1. Configu session provide a way to simulate JUNOS CLI behavior but less powerful.

2. CLIs configured by Config session are not take effect until the commit command is issued.

3. Multiple Config sessions are support in the same time.

In EOS 4.15.0F release, we have introduced the configuration sessions feature. Configuration sessions allow the user to issue configuration CLIs that do not take effect immediately. Instead, they are saved in a session with the given name. The session can be entered, modified and exited at any time without affecting the running configuration of the system. When the session is committed, the configuration that was modified in the session is copied into running configuration. The session can also be aborted or removed to remove the session completely and free up memory used by the session.
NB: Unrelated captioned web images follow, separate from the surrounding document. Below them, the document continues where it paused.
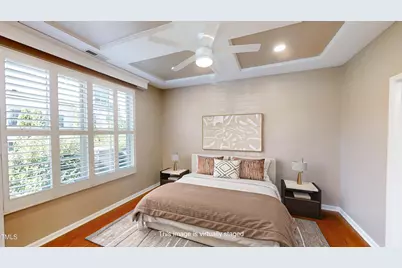 112 Salmon River Drive, Durham, NC 27705 - Photo 24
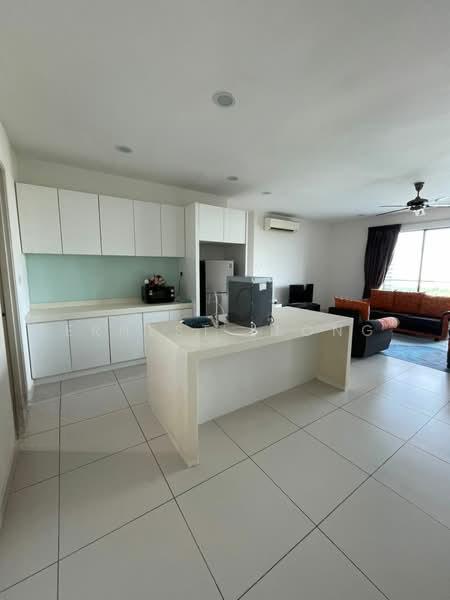 Cristal Serin Residence - 2
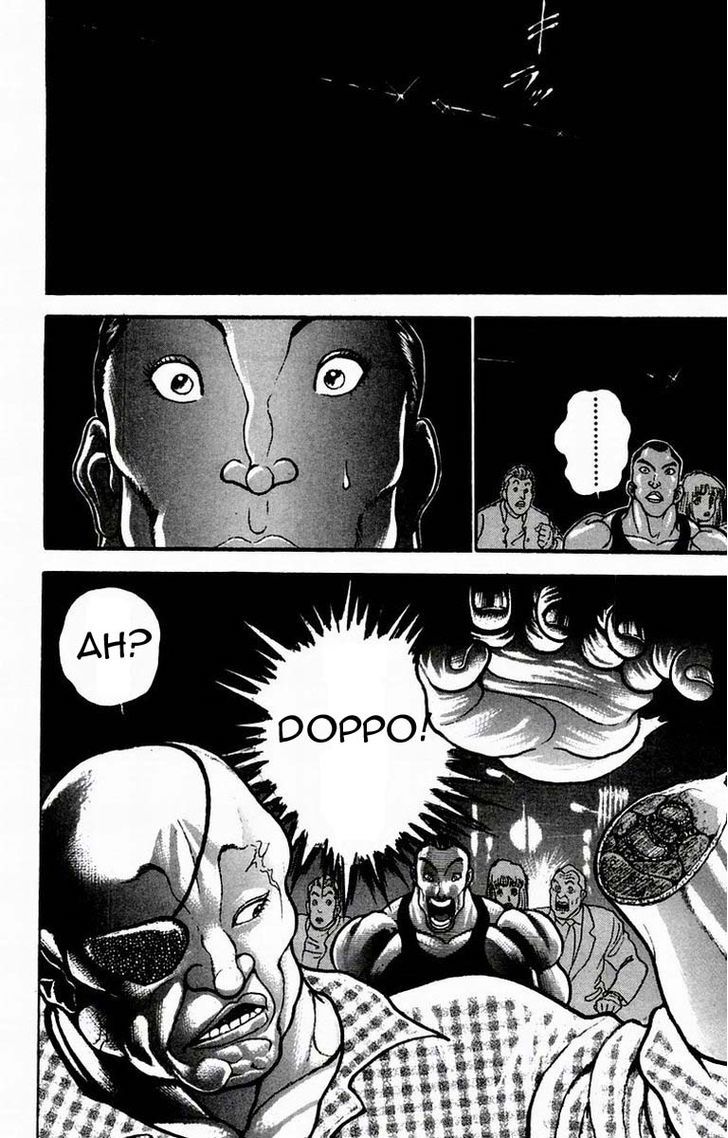 Page 20 of Chapter 24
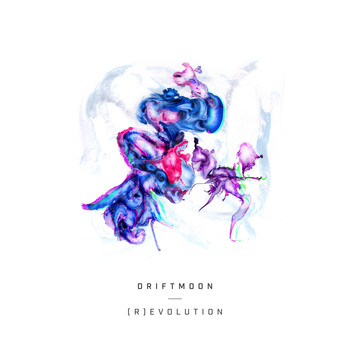 Driftmoon - (R)Evolution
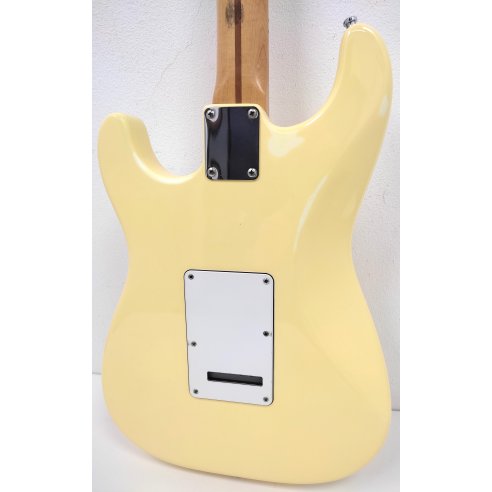 FENDER STRATOCASTER YNGWIE MALMSTEEN '88/'89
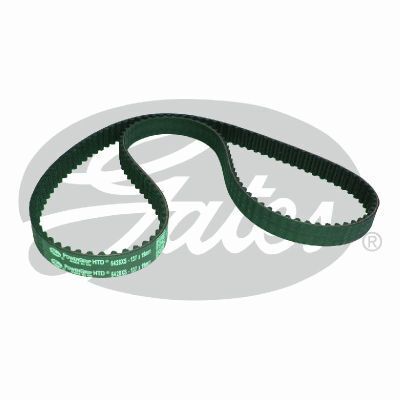 Timing Belt Gates T1069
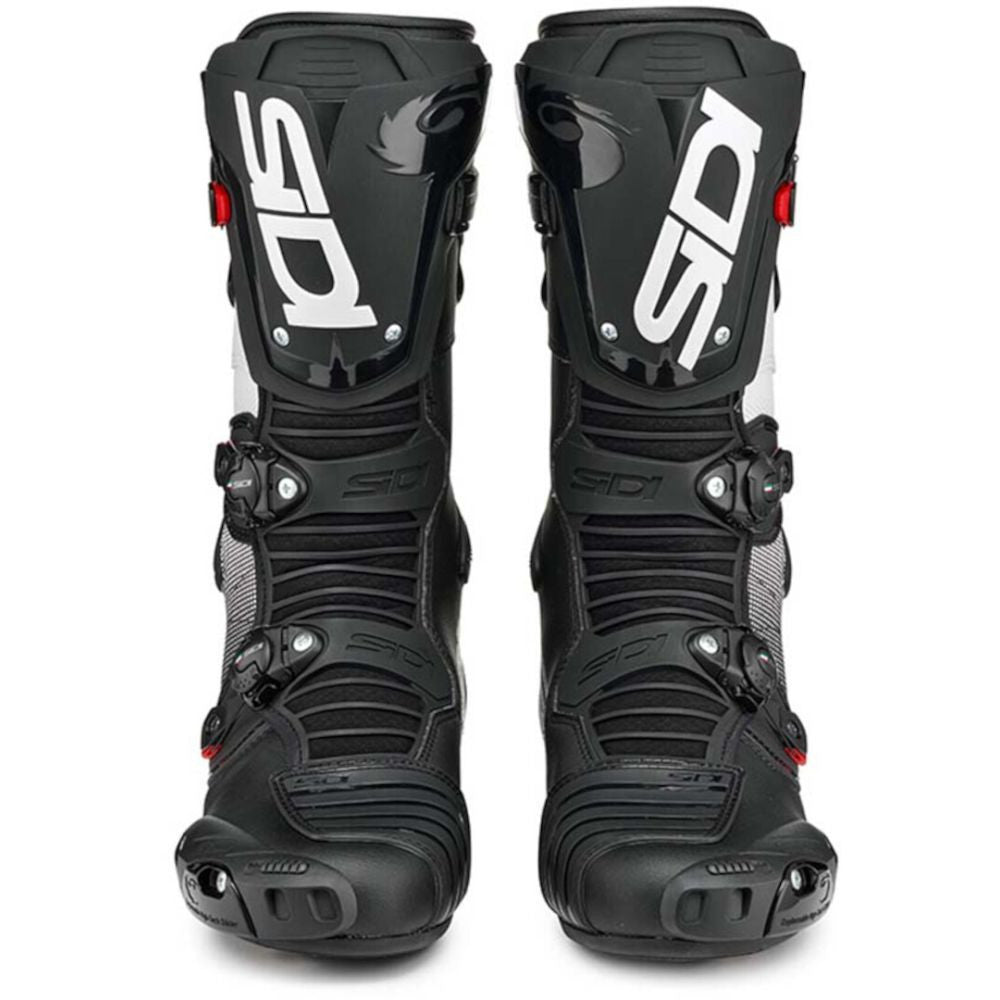 5_cizme-moto-mag1-black-white-red-24.jpg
Config Sessions can be used to make a set of changes together, after verifying to make sure that they do not generate any CLI errors. They also allow the administrator to pre-provision a group of CLIs in a named session and commit it at the desired time.

Configuration

1. configure session [name] : create or enter a session. If a name is not specified, it is automatically generated. The user is put in the session configuration mode and the prompt will change to show the first six characters of the session name.
2. no configure session name : delete the specified session.
3. commit : commit the changes made in the session. This has to be issued from within the session configuration mode.
4. abort : abort the session, same as deleting it. This has to be issued from within the session configuration mode.
5. rollback clean-config : Revert configuration in the session to clean, factory-default configuration. This has to be issued from within the session configuration mode.
6. service configuration session max completed num : Set a limit on the maximum number of committed sessions that are saved.
7. service configuration session max pending num : Set a limit on the maximum number of un-committed sessions that can be outstanding.

Show Commands

  1. show configuration sessions [detail] : Displays information about the sessions that exist in the system. The name of each session, its state (completed, pending, aborted, etc.) are displayed. If a user has currently entered the session, the user name and the associated terminal are also shown. With the detail flag, it also displays the process ID of the Cli process that is using the session. An asterisk (*) indicates that the user running the show command is currently in the marked session.
Arista(config-s-s2)#show configuration sessions detail
Maximum number of completed sessions: 1
Maximum number of pending sessions: 5
Name State User Terminal PID
---- ------------- ------------ -------------- ----
s1 completed
* s2 pending skommu vty870 7729

2. show session-config [diff]: This command has to be issued from within a session. It shows the session configuration, including the changes made in the session. The diff flag shows the differences with the running config, which helps highlight the changes made in the session.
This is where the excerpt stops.